Hi Fi is the fourth studio album by Hugh Cornwell, released on 2 October 2000 by Koch Entertainment.

It is produced by Laurie Latham, who also worked on Cornwell's previous album Guilty (1997). All instrumentation is by Cornwell with appearances from Justin Chapman (drums), Michelle Marti (bass) and Mike Polson (guitar) from his touring band, a string quartet, and harmonica player John Dominic (ex-the Bo Street Runners, Deborah Bonham Band).

In 2001, the album was released in the US (Koch) and Europe (Edel) under the same title but with different artwork, an additional version of "Gingerbread Girl" and two live tracks.

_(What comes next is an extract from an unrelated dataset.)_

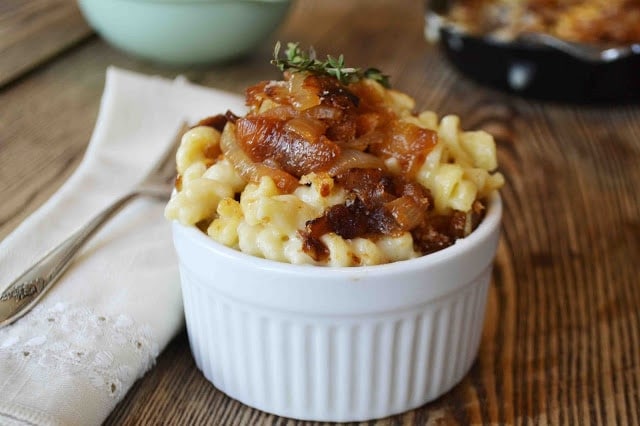 French Onion Soup Mac and Cheese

A remixed and remastered vinyl edition of Hi Fi was released by Cornwell's own HIS Records in 2021. It was released in a limited edition of 500 copies, with new cover art work, and with the original track listing.

Critical reception

AllMusic's Mark Deming found the album "pleasingly tuneful, with strong pop melodies," and a "winning psychedelic undertow" on certain tracks. He felt it "ranks with the most confident and accessible work of [Cornwell's] career," with Cornwell's vocals and songwriting being "in fine shape", and Laurie Latham's production serving the material well.

Track listing

US/European 2001 release
Duration of some tracks differ from the UK version.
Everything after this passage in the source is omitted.